In Portland


I’m currently in the city of Portland, which doesn’t necessarily translate into the Land of Port, although perhaps it could, as there are a surprising number of wine shops around here, and a just as surprisingly small number of liquor shops. At least in the area I’m in.
The last time I was in Port-land—for a day—it was springtime and sunny and flowers were a-bloomin and all that kind of jazz, so it appeared the vision of an idyllic city of cleanliness and orderly environmental goodness. But now that I’m here again, of course, I’m seeing it for what it typically is: overcast, hazy, drizzly, dark. Which isn’t really that bad, except when you’re from southern California and have never lived anywhere where it’s gray or rainy for more than a day, and even then everyone starts getting crabby and rear-ending each other on the freeway.
Portland often comes up as a possible place to inhabit in my near and uncertain future, because it fits very well some stipulations which I have for wherever I’m going to move to next, post-Colombia. And that is: an adequate public transportation infrastructure, bike friendliness, good live music scene, and a reasonable proximity to bodies of water and masses of trees.
But I just don’t know about this whole lack of sunlight thing. I think I would have to sit under a bright lamp half the day or else I would bite someone’s head off.
Nowhere’s perfect, of course. I’m just sick of living in places where you HAVE to own an expensive luxury item in order to have a social life. I’m also sick of living in places where the greatest sense of community you can find is by going into a coffee-shop and getting on the internet. I’m an idealist, of course, but at least I know what I need to feel good about being alive.
Anyway, if you know of some idyllic dream place in which to live in that has not been completely Californicated, drop me a line. This particular Californian ain’t lookin to fuck up anywhere else with yuppyism, tract housing, and franchised homogeneity.
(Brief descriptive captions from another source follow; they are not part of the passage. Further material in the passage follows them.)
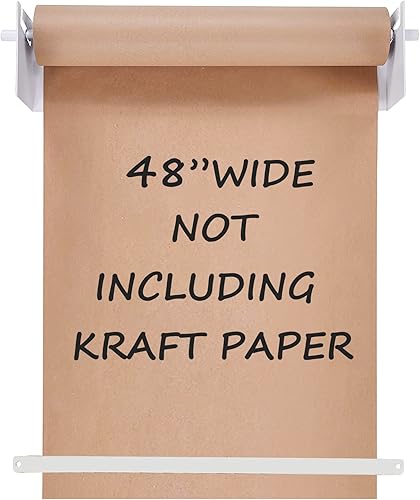 Dispensador de papel kraft de 48 pulgadas para montaje en pared, cortador de papel resistente, dispensador de papel de carnicero, listas de tareas,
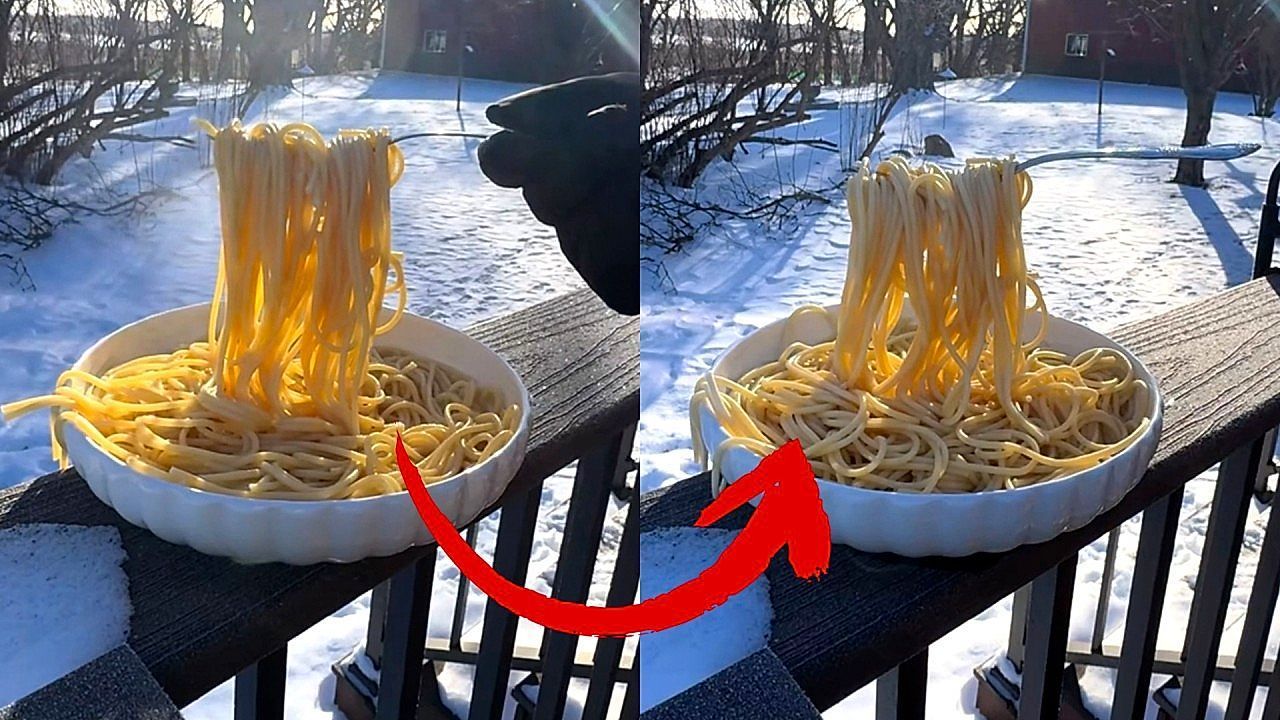 Video: Kälte-Schock: Spaghetti gefrieren in eiskalter Luft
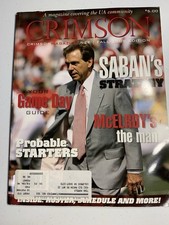 Crimson Magazine Fall 2009 Alabama Football Nick Saban Vol 1 No 2 Game Day Guide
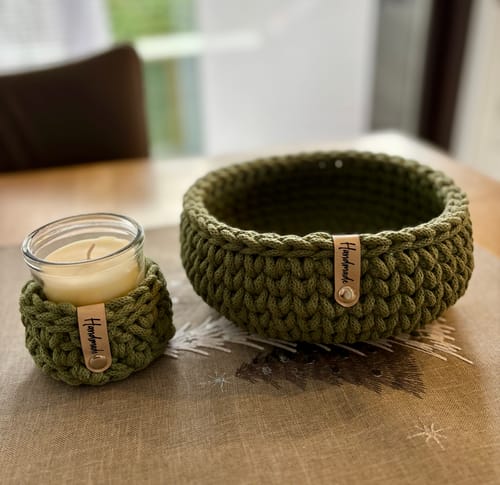 Customer photo review of Label-Set "Handmade" - Creme - CS0016 - für Häkelkörbe etc.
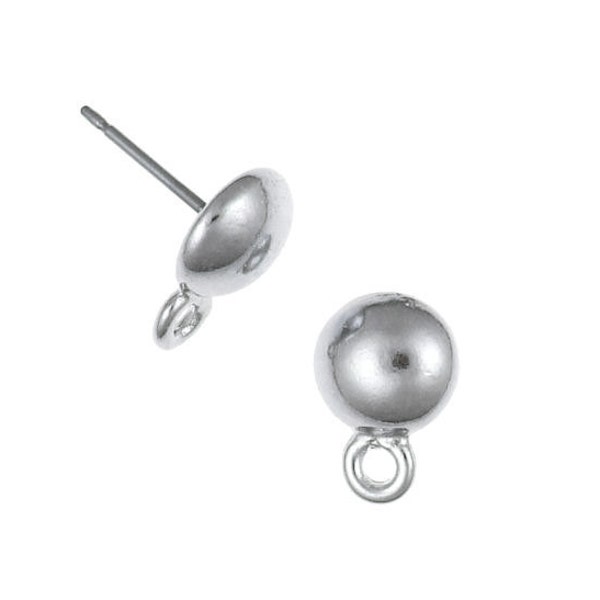 Silver Color Post Earring Findings - TierraCast 8mm Dome White Bronze Finish Earring Posts - Ear Findings Ball Post Earrings (PF210)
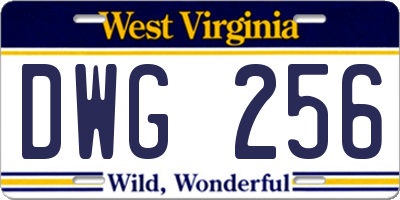 WV license plate DWG256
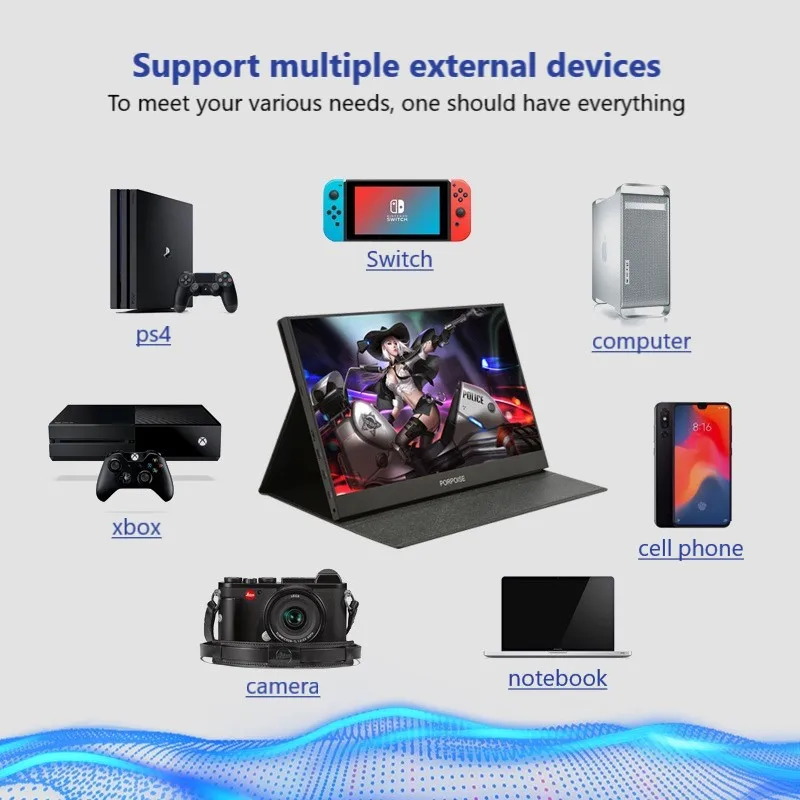 US $130.41 PORPOISE Portable monitor HD IPS screen USB C HDMI computer expansion switch PS3 PS4 display 1080P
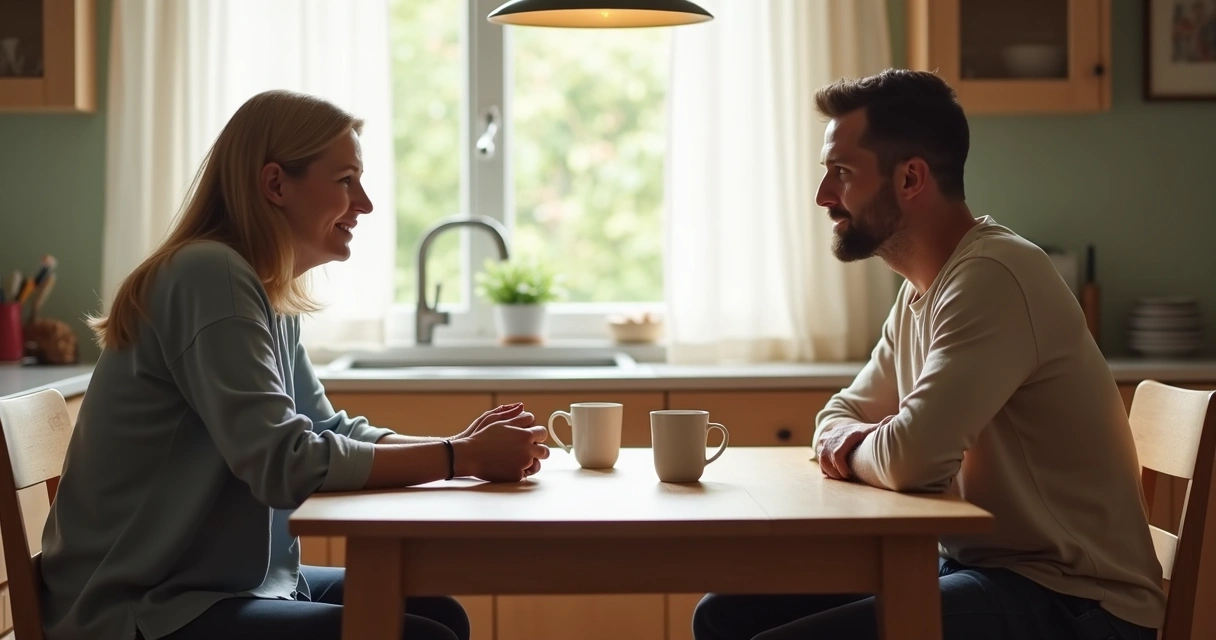 Dos personas conversando con atención en una cocina luminosa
It’s pretty hard just to decide, out of all the endless possibilities, on some particular place to settle down in. I also feel like where I go to next just kind of needs to fall into place, and that’s what I’m hoping will happen soon, because I have no idea about where I’m going or what I’m doing, and I ain’t going to fret myself sick about it neither. I don’t like pretending that I have complete control over my life and what I’m doing. My direction is happenstance and driven by something greater than myself. I often feel that it is simply a matter of allowing that force to sweep me up in its divine wind, and not fighting it; maybe stepping over the edge of the cliff in order to allow it to work it’s ways. So, I’ll see where that takes me, anyway. And I’m sure I’ll get a little bit of say-so in the matter, but I don’t want to completely overrule chance, as chance (or a necessary happenstance) is what has given me the best things in my life.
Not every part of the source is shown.